Buenos Aires is a beautiful city; it has the mighty Rio Plata on one side, tall palms, spreading shade trees and bright flowers thrive in its blue skies, radiant sunshine and, of course, in its “fair winds”. The Spanish colonists spared nothing, it would seem, in creating a city with magnificent buildings, fine monuments, lovely parks and gardens and grand avenues.

Caminito, Buenos Aires
A house in Caminito built from corrugated iron from the docks and painted with leftover paint from ships


Over the centuries settlers from a myriad of cultures added a humbler, but no less vibrant beauty.

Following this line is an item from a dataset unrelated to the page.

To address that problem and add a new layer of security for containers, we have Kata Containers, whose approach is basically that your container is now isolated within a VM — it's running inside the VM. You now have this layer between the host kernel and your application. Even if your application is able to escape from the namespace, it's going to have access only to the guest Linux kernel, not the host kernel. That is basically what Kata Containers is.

Passions run high in Buenos Aires. It’s a city that has seen turbulent times and dark, hard days. They are not forgotten. In a short walk across the city, I see grievances scrawled on the walls of buildings. I pass a camp of war veterans, surrounded by banners which speak of the blood of sons and the tears of mothers. I pass a line of Police in riot gear and a few blocks further on I meet a posse, wielding banners emblazoned with the face of Che Guevara. I stop for a drink in cafe called Resistenza, where Che Guevara look-alikes huddle in corners beneath posters of their hero.

Buenos Aires
War Veterans protesting



But for all its beauty and its passion, Buenos Aires is a tragic place. The homeless and disposed are everywhere. Young families camp on mattresses in doorways, under trees and in the shelter of monuments in the parks. Their ragged clothes, laundered in the fountains, hang to dry on the ornate wrought iron fences. I follow a pair of skinny shirtless waifs along street and see them snatch the food from the plates of tourists lunching on a cafe terrace. Outside a church I meet a young mother begging. Her newborn daughter Priscilla lies in her lap, dressed in the hot, unsuitable clothes of some distant charity. In the market stalls of San Telmo the trappings of better, richer lives are up for sale.

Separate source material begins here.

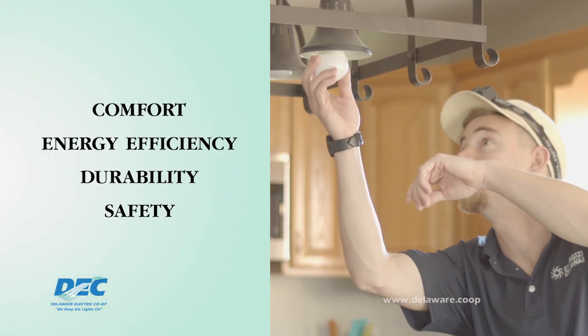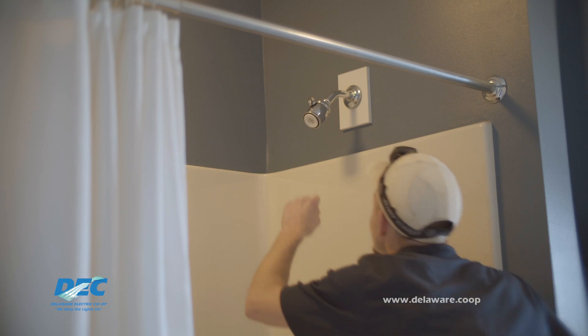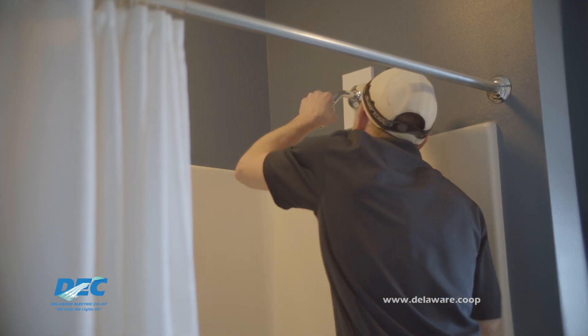They'll offer suggestions to improve your home's comfort, energy efficiency, durability, and safety. They'll also install up to $200 worth of energy-saving measures for free.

Beauty, passion and tragedy are the essentials of romance and Buenos Aires’ history and culture is steeped in it. There the stories of Evita and Che, the poetry of Jorge Luis Borges, the haunting music of the Andes and old Spain and a host of heart-rending tango songs. Then there’s the dance! Born in the dockland bordellos and shunned for many years by polite society, the tango, now, is the dance that defines Buenos Aires. It's the epitome of romance and a group of dancers, dancing out their stories of love and loss and longing can bring whole corners of the city to a standstill.

Rua Florida, Buenos Aires
Tango Dancers in Rua Florida


Buenos Aires is as beautiful, as passionate, as tragic and as romantic as the tango.